Web page caption snippets:
BEGIN

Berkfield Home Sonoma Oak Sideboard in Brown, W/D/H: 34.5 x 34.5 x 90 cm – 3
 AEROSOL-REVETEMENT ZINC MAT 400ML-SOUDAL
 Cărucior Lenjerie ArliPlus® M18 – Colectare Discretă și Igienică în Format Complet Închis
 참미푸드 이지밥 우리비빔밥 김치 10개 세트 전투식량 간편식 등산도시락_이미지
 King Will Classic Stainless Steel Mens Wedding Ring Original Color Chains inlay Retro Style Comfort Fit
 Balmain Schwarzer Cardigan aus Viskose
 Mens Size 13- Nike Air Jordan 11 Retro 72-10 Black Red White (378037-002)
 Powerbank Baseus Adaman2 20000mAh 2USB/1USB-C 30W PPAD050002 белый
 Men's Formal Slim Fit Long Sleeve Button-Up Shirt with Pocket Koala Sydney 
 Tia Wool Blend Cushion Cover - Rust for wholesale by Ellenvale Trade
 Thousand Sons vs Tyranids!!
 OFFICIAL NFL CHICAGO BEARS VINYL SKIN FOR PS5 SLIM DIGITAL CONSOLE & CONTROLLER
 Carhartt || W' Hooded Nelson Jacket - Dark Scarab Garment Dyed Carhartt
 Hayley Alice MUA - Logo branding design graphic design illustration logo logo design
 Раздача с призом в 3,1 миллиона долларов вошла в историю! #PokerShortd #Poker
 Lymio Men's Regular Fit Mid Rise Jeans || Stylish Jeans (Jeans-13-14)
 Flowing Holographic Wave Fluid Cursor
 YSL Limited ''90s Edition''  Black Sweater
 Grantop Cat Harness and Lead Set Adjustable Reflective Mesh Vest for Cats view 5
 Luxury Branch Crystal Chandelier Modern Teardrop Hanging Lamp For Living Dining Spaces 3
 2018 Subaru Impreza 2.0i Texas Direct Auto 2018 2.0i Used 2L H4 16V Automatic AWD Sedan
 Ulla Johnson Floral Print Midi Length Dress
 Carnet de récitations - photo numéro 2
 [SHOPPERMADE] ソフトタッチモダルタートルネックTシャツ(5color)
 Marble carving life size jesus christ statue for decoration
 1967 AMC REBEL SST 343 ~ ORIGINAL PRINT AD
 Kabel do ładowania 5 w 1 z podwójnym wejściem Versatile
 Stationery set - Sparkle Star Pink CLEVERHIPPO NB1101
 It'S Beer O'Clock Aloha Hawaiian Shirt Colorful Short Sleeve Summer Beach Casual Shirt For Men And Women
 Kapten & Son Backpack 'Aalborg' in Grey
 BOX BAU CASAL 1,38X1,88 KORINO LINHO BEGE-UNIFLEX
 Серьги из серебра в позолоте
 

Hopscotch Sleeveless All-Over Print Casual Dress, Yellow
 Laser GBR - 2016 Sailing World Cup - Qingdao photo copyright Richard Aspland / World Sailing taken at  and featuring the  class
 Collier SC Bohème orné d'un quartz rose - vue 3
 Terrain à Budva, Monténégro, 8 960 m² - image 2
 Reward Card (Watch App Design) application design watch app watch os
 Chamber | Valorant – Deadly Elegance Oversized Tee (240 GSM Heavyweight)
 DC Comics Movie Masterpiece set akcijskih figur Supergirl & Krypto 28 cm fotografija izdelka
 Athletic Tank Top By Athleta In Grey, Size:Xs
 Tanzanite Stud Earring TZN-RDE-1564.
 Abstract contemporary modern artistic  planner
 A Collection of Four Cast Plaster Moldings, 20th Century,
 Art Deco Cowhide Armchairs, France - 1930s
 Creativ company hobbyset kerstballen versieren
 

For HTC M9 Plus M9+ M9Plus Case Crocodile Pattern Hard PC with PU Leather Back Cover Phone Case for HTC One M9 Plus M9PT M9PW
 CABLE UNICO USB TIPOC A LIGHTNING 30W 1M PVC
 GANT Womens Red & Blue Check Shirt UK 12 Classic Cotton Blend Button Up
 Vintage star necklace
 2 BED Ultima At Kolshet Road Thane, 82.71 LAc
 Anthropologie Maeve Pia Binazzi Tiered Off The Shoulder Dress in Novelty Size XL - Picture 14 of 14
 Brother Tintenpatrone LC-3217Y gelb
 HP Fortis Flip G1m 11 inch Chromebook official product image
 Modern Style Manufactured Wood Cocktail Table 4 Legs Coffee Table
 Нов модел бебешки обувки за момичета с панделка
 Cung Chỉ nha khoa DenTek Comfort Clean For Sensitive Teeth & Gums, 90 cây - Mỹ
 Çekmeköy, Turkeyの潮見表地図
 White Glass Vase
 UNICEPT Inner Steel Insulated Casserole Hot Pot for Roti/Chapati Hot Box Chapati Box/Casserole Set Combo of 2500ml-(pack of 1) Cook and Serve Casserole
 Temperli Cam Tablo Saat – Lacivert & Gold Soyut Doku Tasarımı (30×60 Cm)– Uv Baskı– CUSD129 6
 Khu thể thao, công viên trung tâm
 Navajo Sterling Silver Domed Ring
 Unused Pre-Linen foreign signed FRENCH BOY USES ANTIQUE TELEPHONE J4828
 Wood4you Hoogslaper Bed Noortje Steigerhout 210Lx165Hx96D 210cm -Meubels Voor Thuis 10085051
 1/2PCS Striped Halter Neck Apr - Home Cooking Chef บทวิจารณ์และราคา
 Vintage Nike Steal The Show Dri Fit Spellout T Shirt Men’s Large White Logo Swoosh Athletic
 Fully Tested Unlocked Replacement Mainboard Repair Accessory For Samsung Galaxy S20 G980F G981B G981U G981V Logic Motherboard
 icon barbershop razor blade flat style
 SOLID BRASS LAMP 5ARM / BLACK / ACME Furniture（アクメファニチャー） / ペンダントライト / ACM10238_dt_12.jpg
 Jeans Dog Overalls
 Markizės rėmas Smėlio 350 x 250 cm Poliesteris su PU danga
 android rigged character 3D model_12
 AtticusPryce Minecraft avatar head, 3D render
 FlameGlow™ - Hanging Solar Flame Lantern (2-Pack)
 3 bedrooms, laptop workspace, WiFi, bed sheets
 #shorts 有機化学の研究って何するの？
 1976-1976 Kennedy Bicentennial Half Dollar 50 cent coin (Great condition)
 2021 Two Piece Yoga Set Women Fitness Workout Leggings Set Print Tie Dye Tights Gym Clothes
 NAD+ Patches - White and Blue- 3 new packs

END

Out of the data above, give again only the lines starting at the one holding "Thousand Sons vs Tyranids!!" and ending at the one holding "YSL Limited ''90s", unchanged.

Exercise answer:
 Thousand Sons vs Tyranids!!
 OFFICIAL NFL CHICAGO BEARS VINYL SKIN FOR PS5 SLIM DIGITAL CONSOLE & CONTROLLER
 Carhartt || W' Hooded Nelson Jacket - Dark Scarab Garment Dyed Carhartt
 Hayley Alice MUA - Logo branding design graphic design illustration logo logo design
 Раздача с призом в 3,1 миллиона долларов вошла в историю! #PokerShortd #Poker
 Lymio Men's Regular Fit Mid Rise Jeans || Stylish Jeans (Jeans-13-14)
 Flowing Holographic Wave Fluid Cursor
 YSL Limited ''90s Edition''  Black Sweater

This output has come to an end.